Problem details
Could you return the lines below exactly, from the first line up to and including the line that holds "Flowers beautifully Nature"?

Excerpted records
##########

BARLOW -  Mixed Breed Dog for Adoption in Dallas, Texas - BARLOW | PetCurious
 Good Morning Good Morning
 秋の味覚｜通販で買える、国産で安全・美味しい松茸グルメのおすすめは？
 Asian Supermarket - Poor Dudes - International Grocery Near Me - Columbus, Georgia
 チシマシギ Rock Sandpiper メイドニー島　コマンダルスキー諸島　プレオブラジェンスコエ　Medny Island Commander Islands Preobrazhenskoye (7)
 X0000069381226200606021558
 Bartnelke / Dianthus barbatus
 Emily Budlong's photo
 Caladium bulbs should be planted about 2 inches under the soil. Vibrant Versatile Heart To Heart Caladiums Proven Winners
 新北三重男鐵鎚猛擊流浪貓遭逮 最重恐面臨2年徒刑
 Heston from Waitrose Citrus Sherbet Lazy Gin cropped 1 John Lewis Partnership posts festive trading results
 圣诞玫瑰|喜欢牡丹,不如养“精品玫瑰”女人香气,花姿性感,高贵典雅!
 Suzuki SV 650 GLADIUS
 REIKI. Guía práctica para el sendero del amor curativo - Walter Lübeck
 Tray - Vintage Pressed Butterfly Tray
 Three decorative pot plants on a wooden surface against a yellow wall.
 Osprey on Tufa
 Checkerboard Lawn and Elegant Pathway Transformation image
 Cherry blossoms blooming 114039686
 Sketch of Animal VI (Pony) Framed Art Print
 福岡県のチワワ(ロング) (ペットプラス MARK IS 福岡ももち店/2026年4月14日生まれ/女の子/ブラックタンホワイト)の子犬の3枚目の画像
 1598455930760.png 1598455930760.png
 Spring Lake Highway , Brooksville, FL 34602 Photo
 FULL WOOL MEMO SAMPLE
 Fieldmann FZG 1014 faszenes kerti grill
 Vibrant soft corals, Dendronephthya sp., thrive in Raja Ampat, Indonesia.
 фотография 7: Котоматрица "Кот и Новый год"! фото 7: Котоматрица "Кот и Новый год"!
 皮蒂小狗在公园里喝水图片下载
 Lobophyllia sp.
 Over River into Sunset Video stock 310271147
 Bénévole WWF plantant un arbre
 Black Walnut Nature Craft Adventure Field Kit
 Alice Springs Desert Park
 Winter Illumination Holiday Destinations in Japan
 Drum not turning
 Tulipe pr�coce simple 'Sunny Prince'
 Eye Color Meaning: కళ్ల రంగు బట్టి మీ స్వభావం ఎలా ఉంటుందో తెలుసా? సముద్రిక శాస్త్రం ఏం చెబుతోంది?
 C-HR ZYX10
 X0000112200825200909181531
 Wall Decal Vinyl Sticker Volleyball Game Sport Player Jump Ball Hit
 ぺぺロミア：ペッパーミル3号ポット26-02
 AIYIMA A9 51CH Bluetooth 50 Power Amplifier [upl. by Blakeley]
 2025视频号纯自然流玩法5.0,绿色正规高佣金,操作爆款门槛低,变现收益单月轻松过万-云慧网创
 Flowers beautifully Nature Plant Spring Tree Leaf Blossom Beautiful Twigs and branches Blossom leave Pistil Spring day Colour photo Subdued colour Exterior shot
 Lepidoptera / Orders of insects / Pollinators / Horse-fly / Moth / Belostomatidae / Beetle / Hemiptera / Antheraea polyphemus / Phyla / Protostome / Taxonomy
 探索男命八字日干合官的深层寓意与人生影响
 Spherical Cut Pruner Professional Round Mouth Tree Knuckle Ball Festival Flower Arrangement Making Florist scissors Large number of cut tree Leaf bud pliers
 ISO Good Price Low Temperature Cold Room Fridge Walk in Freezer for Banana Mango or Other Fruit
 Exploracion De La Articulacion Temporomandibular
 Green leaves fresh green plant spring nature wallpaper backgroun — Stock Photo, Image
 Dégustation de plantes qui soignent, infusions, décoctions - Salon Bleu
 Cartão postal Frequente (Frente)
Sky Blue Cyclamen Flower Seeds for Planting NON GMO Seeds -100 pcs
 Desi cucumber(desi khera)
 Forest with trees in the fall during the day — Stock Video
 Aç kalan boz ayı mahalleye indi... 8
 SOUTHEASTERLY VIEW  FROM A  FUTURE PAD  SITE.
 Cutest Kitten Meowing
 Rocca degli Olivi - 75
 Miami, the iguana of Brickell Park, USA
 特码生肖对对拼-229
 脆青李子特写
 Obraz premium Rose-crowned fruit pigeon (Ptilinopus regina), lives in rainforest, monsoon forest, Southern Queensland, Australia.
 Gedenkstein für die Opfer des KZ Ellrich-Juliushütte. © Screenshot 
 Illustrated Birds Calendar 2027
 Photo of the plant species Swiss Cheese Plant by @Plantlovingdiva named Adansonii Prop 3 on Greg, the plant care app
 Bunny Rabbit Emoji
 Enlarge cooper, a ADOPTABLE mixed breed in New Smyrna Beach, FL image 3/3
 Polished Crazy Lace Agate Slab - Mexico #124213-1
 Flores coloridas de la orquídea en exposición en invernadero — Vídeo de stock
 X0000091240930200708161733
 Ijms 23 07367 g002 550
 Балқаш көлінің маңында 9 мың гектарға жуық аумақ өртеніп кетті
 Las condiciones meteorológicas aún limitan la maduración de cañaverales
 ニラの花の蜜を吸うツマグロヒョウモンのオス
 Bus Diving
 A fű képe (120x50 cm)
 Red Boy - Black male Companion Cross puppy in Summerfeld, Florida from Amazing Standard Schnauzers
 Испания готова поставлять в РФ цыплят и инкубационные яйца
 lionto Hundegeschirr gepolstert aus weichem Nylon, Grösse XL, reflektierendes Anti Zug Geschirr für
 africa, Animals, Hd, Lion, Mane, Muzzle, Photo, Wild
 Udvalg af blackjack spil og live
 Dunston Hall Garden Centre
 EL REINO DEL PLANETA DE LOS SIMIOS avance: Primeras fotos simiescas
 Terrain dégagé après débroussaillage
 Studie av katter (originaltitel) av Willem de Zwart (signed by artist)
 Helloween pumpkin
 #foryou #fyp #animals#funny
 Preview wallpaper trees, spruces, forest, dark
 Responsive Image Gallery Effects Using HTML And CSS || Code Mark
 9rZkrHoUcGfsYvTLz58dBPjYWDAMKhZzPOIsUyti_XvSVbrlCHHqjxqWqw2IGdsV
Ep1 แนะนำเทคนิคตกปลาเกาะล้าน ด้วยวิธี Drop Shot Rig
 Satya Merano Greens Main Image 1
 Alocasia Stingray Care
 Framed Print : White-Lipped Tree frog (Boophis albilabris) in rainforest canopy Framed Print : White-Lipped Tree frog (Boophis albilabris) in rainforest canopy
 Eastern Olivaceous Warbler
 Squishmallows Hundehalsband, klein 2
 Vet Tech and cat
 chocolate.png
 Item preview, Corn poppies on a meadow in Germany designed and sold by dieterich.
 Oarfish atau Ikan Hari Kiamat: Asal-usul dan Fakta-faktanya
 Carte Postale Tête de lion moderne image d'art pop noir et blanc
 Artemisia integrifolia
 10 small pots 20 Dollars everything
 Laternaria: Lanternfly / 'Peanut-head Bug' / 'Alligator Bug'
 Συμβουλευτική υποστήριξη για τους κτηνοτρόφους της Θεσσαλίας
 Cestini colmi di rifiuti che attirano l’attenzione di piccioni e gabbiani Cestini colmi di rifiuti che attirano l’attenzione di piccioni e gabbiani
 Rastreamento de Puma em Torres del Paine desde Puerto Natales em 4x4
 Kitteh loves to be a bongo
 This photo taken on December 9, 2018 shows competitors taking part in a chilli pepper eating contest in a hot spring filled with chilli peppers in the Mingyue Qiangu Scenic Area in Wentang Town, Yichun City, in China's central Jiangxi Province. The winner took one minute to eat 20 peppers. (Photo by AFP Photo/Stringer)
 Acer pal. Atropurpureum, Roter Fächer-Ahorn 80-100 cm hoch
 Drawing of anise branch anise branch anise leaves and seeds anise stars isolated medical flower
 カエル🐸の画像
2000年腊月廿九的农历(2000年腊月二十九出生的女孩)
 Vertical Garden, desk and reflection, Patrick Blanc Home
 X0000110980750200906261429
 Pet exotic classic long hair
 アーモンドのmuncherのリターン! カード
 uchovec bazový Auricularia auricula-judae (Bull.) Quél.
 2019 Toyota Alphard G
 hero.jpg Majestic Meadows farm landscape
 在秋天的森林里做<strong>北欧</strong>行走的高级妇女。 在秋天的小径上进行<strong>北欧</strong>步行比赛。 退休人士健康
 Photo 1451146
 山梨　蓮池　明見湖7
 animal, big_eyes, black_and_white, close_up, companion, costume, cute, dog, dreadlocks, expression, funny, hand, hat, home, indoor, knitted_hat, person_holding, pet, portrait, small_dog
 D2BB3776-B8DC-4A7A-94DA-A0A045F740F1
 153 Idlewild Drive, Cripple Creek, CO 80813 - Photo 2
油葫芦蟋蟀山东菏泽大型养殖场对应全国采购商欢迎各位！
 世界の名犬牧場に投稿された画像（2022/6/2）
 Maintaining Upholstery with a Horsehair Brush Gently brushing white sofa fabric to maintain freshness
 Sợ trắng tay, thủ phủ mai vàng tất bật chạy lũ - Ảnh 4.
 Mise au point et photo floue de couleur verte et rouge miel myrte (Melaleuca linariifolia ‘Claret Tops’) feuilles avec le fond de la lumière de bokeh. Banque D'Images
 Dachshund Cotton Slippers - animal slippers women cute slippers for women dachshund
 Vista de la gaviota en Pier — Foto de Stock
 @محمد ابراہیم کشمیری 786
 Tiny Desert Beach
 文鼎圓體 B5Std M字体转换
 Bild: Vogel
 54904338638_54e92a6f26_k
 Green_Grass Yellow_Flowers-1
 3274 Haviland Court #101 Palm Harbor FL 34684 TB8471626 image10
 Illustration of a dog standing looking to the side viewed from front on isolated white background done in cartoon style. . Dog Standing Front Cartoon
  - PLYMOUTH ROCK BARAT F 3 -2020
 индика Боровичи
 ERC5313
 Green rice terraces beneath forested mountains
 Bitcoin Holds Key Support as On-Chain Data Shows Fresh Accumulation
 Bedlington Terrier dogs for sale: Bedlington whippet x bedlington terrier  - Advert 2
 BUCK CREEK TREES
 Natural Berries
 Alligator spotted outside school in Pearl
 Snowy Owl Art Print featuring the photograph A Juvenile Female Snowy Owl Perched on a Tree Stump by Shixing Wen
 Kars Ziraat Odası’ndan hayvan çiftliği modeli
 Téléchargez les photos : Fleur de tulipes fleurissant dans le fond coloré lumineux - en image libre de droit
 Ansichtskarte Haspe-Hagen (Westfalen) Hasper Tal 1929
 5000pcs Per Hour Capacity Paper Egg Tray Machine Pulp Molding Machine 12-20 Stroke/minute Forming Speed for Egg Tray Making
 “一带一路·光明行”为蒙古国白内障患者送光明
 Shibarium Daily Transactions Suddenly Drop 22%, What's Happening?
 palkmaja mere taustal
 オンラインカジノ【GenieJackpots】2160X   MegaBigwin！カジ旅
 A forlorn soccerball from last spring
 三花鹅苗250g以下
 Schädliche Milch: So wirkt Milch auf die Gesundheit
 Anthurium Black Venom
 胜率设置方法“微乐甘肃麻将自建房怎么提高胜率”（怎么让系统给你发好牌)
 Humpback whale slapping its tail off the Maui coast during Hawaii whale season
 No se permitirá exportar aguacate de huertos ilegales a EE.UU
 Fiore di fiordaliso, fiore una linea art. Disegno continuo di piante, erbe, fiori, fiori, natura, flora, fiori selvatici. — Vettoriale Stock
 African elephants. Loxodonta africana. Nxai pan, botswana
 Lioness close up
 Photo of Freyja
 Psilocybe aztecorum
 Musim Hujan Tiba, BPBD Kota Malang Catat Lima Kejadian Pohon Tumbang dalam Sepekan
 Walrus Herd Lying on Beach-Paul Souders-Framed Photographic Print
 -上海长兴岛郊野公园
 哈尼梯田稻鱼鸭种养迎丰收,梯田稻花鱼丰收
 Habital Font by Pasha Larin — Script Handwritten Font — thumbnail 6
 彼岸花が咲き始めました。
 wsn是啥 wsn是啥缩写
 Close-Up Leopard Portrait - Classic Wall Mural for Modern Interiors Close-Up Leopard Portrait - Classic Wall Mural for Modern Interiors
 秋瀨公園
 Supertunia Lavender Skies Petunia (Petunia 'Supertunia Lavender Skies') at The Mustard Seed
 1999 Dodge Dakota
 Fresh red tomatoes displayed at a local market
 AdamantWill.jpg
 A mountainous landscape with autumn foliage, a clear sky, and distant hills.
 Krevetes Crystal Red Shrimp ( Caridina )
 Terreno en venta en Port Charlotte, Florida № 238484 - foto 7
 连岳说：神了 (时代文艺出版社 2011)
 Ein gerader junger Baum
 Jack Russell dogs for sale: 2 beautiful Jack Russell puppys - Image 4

##########

Task output
BARLOW -  Mixed Breed Dog for Adoption in Dallas, Texas - BARLOW | PetCurious
 Good Morning Good Morning
 秋の味覚｜通販で買える、国産で安全・美味しい松茸グルメのおすすめは？
 Asian Supermarket - Poor Dudes - International Grocery Near Me - Columbus, Georgia
 チシマシギ Rock Sandpiper メイドニー島　コマンダルスキー諸島　プレオブラジェンスコエ　Medny Island Commander Islands Preobrazhenskoye (7)
 X0000069381226200606021558
 Bartnelke / Dianthus barbatus
 Emily Budlong's photo
 Caladium bulbs should be planted about 2 inches under the soil. Vibrant Versatile Heart To Heart Caladiums Proven Winners
 新北三重男鐵鎚猛擊流浪貓遭逮 最重恐面臨2年徒刑
 Heston from Waitrose Citrus Sherbet Lazy Gin cropped 1 John Lewis Partnership posts festive trading results
 圣诞玫瑰|喜欢牡丹,不如养“精品玫瑰”女人香气,花姿性感,高贵典雅!
 Suzuki SV 650 GLADIUS
 REIKI. Guía práctica para el sendero del amor curativo - Walter Lübeck
 Tray - Vintage Pressed Butterfly Tray
 Three decorative pot plants on a wooden surface against a yellow wall.
 Osprey on Tufa
 Checkerboard Lawn and Elegant Pathway Transformation image
 Cherry blossoms blooming 114039686
 Sketch of Animal VI (Pony) Framed Art Print
 福岡県のチワワ(ロング) (ペットプラス MARK IS 福岡ももち店/2026年4月14日生まれ/女の子/ブラックタンホワイト)の子犬の3枚目の画像
 1598455930760.png 1598455930760.png
 Spring Lake Highway , Brooksville, FL 34602 Photo
 FULL WOOL MEMO SAMPLE
 Fieldmann FZG 1014 faszenes kerti grill
 Vibrant soft corals, Dendronephthya sp., thrive in Raja Ampat, Indonesia.
 фотография 7: Котоматрица "Кот и Новый год"! фото 7: Котоматрица "Кот и Новый год"!
 皮蒂小狗在公园里喝水图片下载
 Lobophyllia sp.
 Over River into Sunset Video stock 310271147
 Bénévole WWF plantant un arbre
 Black Walnut Nature Craft Adventure Field Kit
 Alice Springs Desert Park
 Winter Illumination Holiday Destinations in Japan
 Drum not turning
 Tulipe pr�coce simple 'Sunny Prince'
 Eye Color Meaning: కళ్ల రంగు బట్టి మీ స్వభావం ఎలా ఉంటుందో తెలుసా? సముద్రిక శాస్త్రం ఏం చెబుతోంది?
 C-HR ZYX10
 X0000112200825200909181531
 Wall Decal Vinyl Sticker Volleyball Game Sport Player Jump Ball Hit
 ぺぺロミア：ペッパーミル3号ポット26-02
 AIYIMA A9 51CH Bluetooth 50 Power Amplifier [upl. by Blakeley]
 2025视频号纯自然流玩法5.0,绿色正规高佣金,操作爆款门槛低,变现收益单月轻松过万-云慧网创
 Flowers beautifully Nature Plant Spring Tree Leaf Blossom Beautiful Twigs and branches Blossom leave Pistil Spring day Colour photo Subdued colour Exterior shot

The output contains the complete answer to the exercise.